È una patologia dal forte impatto sociale: colpisce principalmente persone giovani, tra i 30 e 40 anni, e soprattutto le donne, con un rapporto di 3:1 rispetto agli uomini. Per via delle sue manifestazioni acute, presenta un alto tasso di mortalità, fino al 20%, a poco tempo dalla comparsa dei primi sintomi.
A caratterizzare la patologia sono anzitutto la sua imprevedibilità e l’elevata aggressività e, se non diagnosticata e trattata tempestivamente e adeguatamente, può avere esito fatale o comportare danni permanenti a organi e apparati: la maggior parte dei decessi si registra mediamente a 9 giorni dalla diagnosi.
Inoltre, presenta un alto tasso di recidiva. Nel 30-35% dei casi la patologia può infatti ripresentarsi a uno o più anni di distanza dall’episodio acuto, nonostante il trattamento con lo standard terapeutico oggi disponibile, che consiste nella plasmaferesi e in una terapia immunosoppressiva.
Caplacizumab
Caplacizumab è il primo farmaco basato sulla tecnologia Nanobody® sviluppata da Ablynx, società belga oggi integrata in Sanofi. Ha ricevuto la designazione di farmaco orfano in Europa e negli Stati Uniti nel 2009, in Svizzera nel 2017 e in Giappone nel 2018.
Grazie al suo peculiare meccanismo d’azione, caplacizumab va a interferire con il processo patologico alla base dell’aTTP: si lega selettivamente ai multimeri ultralarge del Fattore di von Willebrand (ULVWF) e ne inibisce l’interazione con le piastrine.
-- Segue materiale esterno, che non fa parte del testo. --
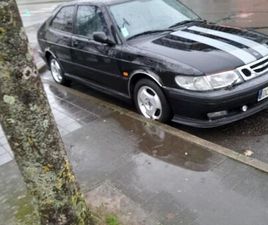 SAAB 900 VEND DE VOITURE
Questa inibizione selettiva previene l’accumulo delle piastrine evitando la formazione di microtrombi e le conseguenze a breve e lungo termine della patologia (trombocitopenia grave e anemia emolitica microangiopatica e nei casi più gravi a conseguenze che spesso si rivelano fatali, quali insufficienza renale, ictus o infarto).
Il programma di sviluppo clinico
L’approvazione di caplacizumab in Europa (agosto 2018), negli Stati Uniti (febbraio 2019) e oggi in Italia, si basa sugli studi TITAN di fase 2 ed HERCULES di fase 3, che hanno dimostrato l’efficacia e la sicurezza di caplacizumab in aggiunta allo standard di cura (plasmaferesi quotidiana e immunosoppressione).
Nello studio HERCULES, il trattamento con caplacizumab, in aggiunta al trattamento standard di cura, ha determinato un tempo di normalizzazione della conta piastrinica significativamente, nonché una riduzione significativa nella somma dei decessi correlati ad aTTP, delle ricorrenze di malattia e di eventi tromboembolici maggiori durante il trattamento, e un numero significativamente più basso di ricadute di malattia nell’intero periodo dello studio. È importante sottolineare che il trattamento con caplacizumab ha determinato una riduzione clinicamente significativa dell’uso di plasmaferesi e della durata della degenza.
Negli studi clinici, caplacizumab ha dimostrato un profilo di sicurezza coerente con il suo meccanismo d’azione.
Anche l’Italia ha partecipato ai due trial clinici, con 9 centri sperimentatori (4 per lo studio TITAN e 5 per lo studio HERCULES) e un totale di 26 pazienti.
Entrambi gli studi sono stati pubblicati sul prestigioso New England Journal of Medicine.